June 30, 2019
By guest writer William M. Shea
James Carroll’s recent essay on the priesthood in The Atlantic, the critical responses by Thomas Reese and James Martin, and the tempered comments by Donald Cozzens (NCR) indicate to me that the discussion of reform has taken a significant turn. We seem now to be asking questions about the structure of authority in the Roman Catholic church rather than only about sin and how to counter it. The pope and bishops, for all their admirable attempt to amplify the reporting and handling of changes of abuse and cover-up by bishops, are struggling to keep the reform urges inside the boundaries of the received structures of authority, i.e., there are to be no independent lay bodies to open and review cases. All is to remain under hierarchical control.

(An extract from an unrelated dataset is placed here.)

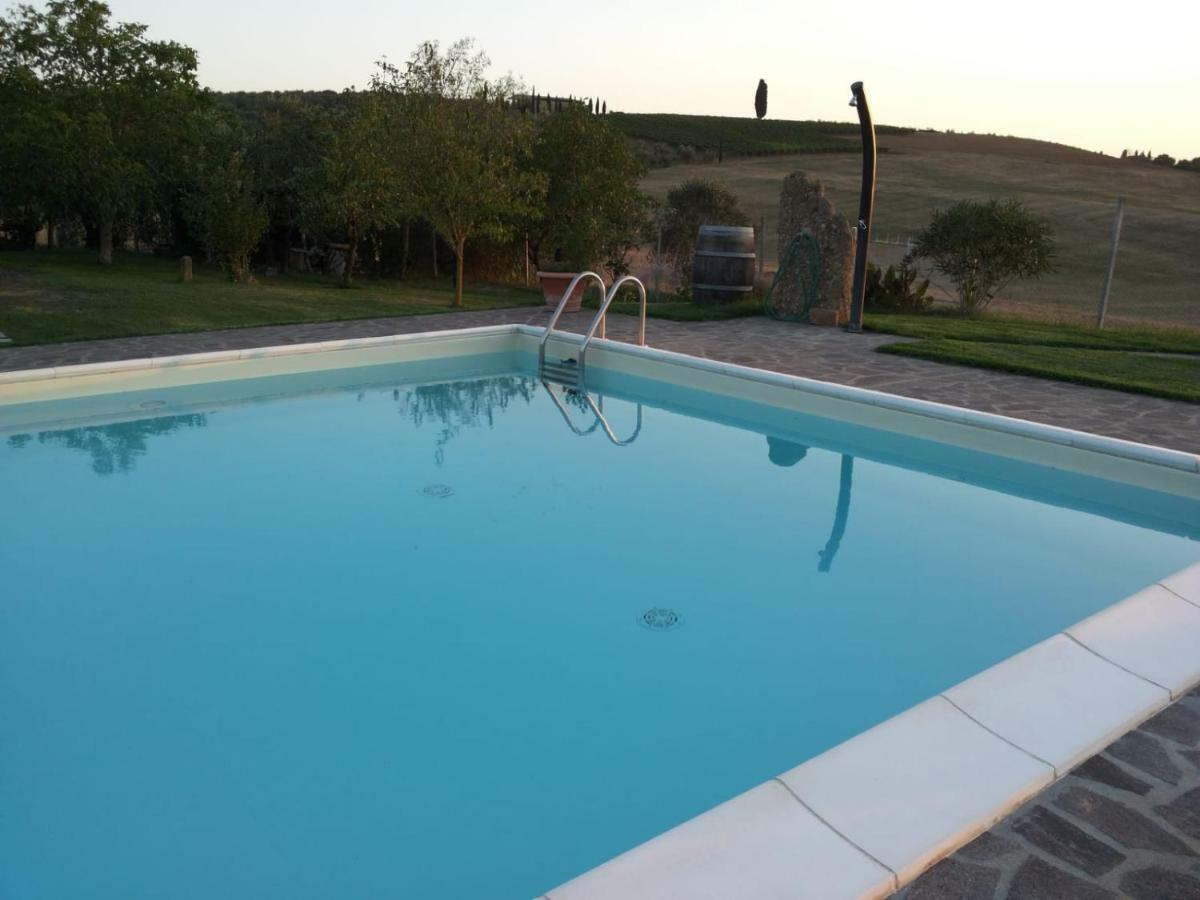 Agriturismo Bio Le 4 Stagioni Porrona Eksteriør bilde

In my own reading experience it was Garry Wills’ book, Why Priests? A Failed Tradition (2013) that decisively kicked open the door on the dissolution of the clericalism and hierarchism that, in my view, plague the Catholic church and, one way or another, most of the Christian churches, none of which has found an ideal solution. This intensified discussion in the last decade is fraught with many dangers, I admit. Even I, a retired and increasingly breathless old man, have been accused of apostasy by the renowned archbishop of Philadelphia for my memoir, Judas Was a Bishop (2015).